すなわち、上述したように、前記押し上げ具6により上側に押し上げることにより、前記一対の下側拡径具21、22の前記側壁がタイヤセットTsの内周部に対向しないようにして、前記タイヤセットの取り出しを容易にしたことを特徴とする。
【0022】
以上、本発明の実施形態を例示して詳述したが、上記実施形態は、出願人が最良であるものと信じて開示する形態であって、本発明がこれに限定されるものではない。本発明は、特許請求の範囲に記載された事項を逸脱することがなければ、種々の設計変更を行うことが可能である。
【符号の説明】
【0023】
000・・タイヤセットの取り出しを容易にしたことを特徴とするダブリングマシン(本発明)
0・・・・フレーム
1・・・・載置台
10・・・上昇アクチュエーター
11・・・下側拡径具
12・・・下側拡径具
101・・下側壁
102・・下側壁
2・・・・上固定台
21・・・上側拡径具
22・・・上側拡径具
201・・上側壁
202・・上側壁
3・・・・圧力変形構造具
31・・・圧力変形アクチュエーター
32・・・圧力変形アクチュエーター
4・・・・押さえ構造具
40・・・押さえアクチュエーター
5・・・・方向転換構造具
50・・・方向転換アクチュエーター
501・・押移動部材
6・・・・押し上げ具
61・・・押し上げアクチュエーター
62・・・押し上げアクチュエーター
63・・・押し上げアクチュエーター
64・・・押し上げアクチュエーター
601・・押上げ部材
602・・押上げ部材
603・・押上げ部材
604・・押上げ部材
T1・・・載置台に載置されるタイヤ
T2・・・さし込むタイヤ
Ts・・・ダブリング完了後のタイヤセット
【要約】
【課題】タイヤセットTsの取り出しを容易にするダブリングマシン及びダブリング方法。
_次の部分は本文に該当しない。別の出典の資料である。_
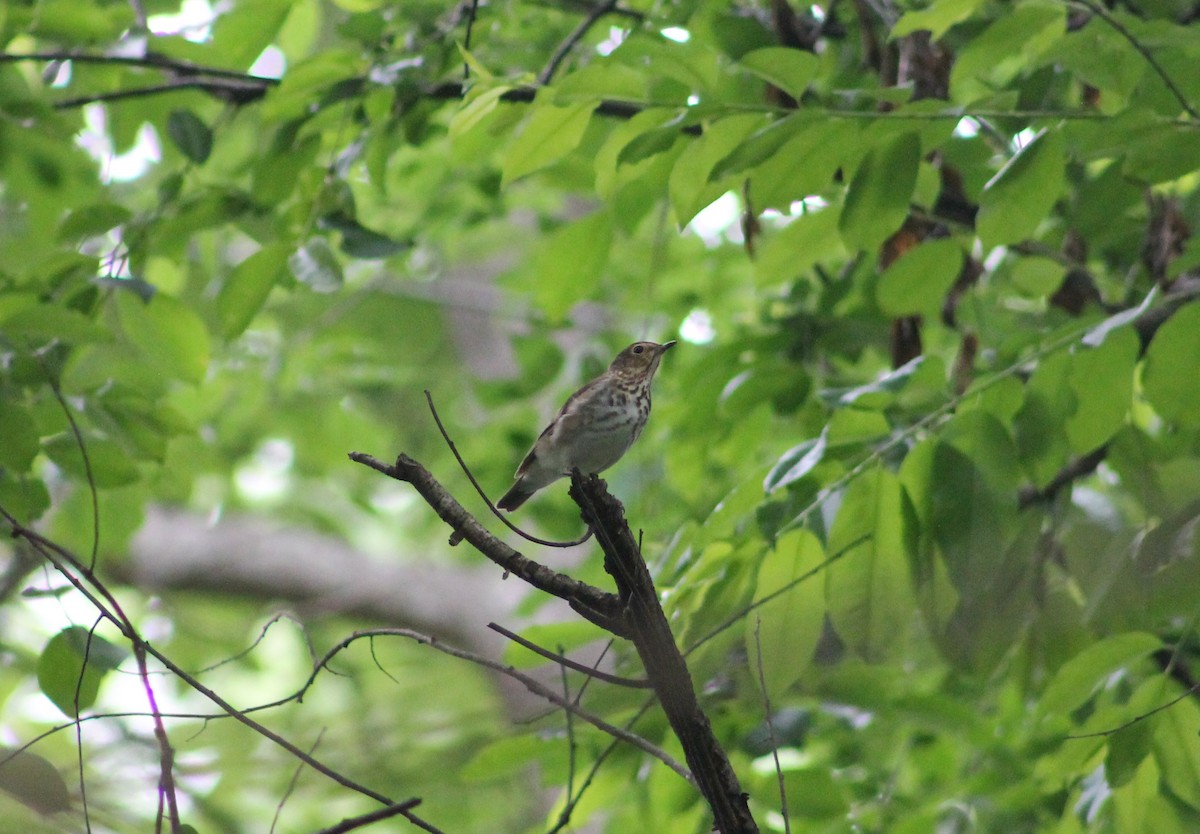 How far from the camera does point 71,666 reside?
245 cm

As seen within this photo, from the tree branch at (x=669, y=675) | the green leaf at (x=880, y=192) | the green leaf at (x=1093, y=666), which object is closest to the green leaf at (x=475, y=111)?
the green leaf at (x=880, y=192)

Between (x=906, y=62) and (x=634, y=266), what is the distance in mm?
2173

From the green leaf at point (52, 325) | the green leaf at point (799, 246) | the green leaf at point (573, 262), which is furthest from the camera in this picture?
the green leaf at point (573, 262)

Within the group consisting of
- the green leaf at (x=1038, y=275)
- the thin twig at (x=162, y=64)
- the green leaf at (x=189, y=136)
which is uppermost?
the thin twig at (x=162, y=64)

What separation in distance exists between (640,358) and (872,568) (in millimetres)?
1121

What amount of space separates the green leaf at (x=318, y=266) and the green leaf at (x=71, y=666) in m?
1.05

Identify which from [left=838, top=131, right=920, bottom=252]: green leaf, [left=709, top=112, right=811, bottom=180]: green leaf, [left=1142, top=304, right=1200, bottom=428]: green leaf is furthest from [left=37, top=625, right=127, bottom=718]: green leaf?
[left=1142, top=304, right=1200, bottom=428]: green leaf

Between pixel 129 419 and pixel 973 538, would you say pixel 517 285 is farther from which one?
pixel 973 538

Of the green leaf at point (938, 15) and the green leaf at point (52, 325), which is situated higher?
the green leaf at point (52, 325)

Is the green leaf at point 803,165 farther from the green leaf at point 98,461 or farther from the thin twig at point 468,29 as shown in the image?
the green leaf at point 98,461

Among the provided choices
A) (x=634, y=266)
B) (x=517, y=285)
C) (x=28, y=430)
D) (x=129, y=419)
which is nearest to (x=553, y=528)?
(x=517, y=285)

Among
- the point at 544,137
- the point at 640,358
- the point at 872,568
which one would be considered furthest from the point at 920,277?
the point at 544,137

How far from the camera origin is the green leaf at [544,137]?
2.57 metres

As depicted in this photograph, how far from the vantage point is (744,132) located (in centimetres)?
255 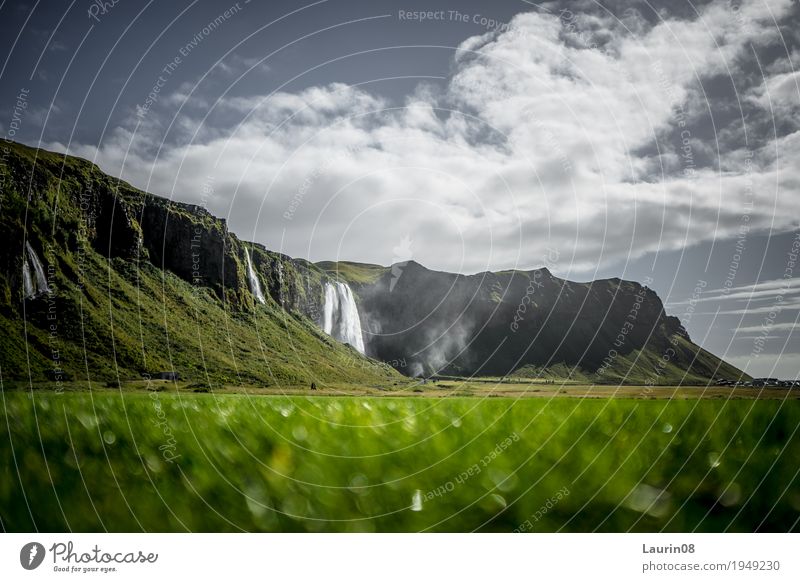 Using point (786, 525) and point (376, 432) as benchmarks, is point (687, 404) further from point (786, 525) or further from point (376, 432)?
point (376, 432)

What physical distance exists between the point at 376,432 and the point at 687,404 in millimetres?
3671

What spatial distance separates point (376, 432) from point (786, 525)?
3.35 metres

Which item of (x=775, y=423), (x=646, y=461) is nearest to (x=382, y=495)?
(x=646, y=461)

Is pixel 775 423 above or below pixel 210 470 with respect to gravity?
below

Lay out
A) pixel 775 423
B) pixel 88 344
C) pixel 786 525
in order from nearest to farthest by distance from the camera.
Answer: pixel 786 525
pixel 775 423
pixel 88 344

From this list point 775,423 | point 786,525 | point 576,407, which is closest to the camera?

【解決手段】水平状態のタイヤT1を載置台1に載置され、垂直方向に立設した上側壁201,202、下側壁101,102を有し、タイヤT1の径方向に開くことにより、ビード部でタイヤT1を拡径すると、垂直状態のタイヤT2を左右から圧力変形構造具3により圧縮し、タイヤT1の空洞部にはめ込まれて、タイヤセットTsが出来上がり、一対の上側拡径具21,22及び一対の下側拡径具11,12が閉じることにより、前記載置台1上に降下したタイヤセットTsを前記押し上げ具により上側に押し上げることにより、前記一対の下側拡径具11,12の前記側壁がタイヤセットTsの内周部に対向しないようにして、前記タイヤセットTsの取り出しを容易にしたダブリングマシン及びダブリング方法。